Repeat nothing but the line containing "nba全明星 夺冠格局将被打" and the lines that follow it, up to and including the last line of the data below.

**GIVEN MATERIAL:**
────────────────────
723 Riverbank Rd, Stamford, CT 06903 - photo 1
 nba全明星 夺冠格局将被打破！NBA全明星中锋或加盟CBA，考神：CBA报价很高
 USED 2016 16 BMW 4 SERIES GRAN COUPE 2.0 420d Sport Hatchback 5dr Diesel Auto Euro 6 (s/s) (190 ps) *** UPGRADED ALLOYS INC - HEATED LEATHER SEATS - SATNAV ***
────────────────────
**RESPONSE TO THIS TASK:**
 nba全明星 夺冠格局将被打破！NBA全明星中锋或加盟CBA，考神：CBA报价很高
 USED 2016 16 BMW 4 SERIES GRAN COUPE 2.0 420d Sport Hatchback 5dr Diesel Auto Euro 6 (s/s) (190 ps) *** UPGRADED ALLOYS INC - HEATED LEATHER SEATS - SATNAV ***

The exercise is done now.